Doktrinde de kabul edildiği üzere, manevi tazminatın manevi tatmin aracı olmasından dolayı zenginleşmeye yol açmayacak miktarda, fakat idarenin olaydaki kusurunun niteliğini ve ağırlığını ifade edecek ölçüde ve tazminat olarak istenilen meblağın da göz önünde bulundurulması suretiyle saptanması zorunludur.
Bu durumda, halen yargı kararının gereğinin yerine getirilmediği de dikkate alındığında 1.000.000.000.-lira manevi tazminat isteminin tamamının kabulüne karar verilmesi gerektiği sonucuna varılmaktadır.
Ayrıca, yargılama sürecinin uzun sürmesi ve ülkemizde yaşanan yüksek enflasyon da dikkate alındığında, manevi tazminata da tazminat davasının açıldığı gün olan 18.10.1996 gününden itibaren yasal faize hükmedilmesi gerekmektedir.

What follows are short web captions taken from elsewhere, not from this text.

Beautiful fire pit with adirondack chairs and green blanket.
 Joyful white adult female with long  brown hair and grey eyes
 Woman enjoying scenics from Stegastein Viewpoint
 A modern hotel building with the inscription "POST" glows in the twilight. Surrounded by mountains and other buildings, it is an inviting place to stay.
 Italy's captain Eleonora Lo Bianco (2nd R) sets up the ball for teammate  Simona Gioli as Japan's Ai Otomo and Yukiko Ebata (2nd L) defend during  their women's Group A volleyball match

SONUÇ: Açıklanan nedenlerle temyize konu Antalya 2. İdare Mahkemesinin 1.11.2000 günlü, E:2000/980, K:2000/979 sayılı kararının manevi tazminata ilişkin kısmını BOZULMASINA, 4.240.000’er lira karar harcı ile fazladan yatırılan 3.160.000’er lira harcı temyiz isteminde bulunanlara iadesine, dosyanın adı geçen mahkemeye gönderilmesine 16.4.2002 gününde oybirliğiyle karar verildi.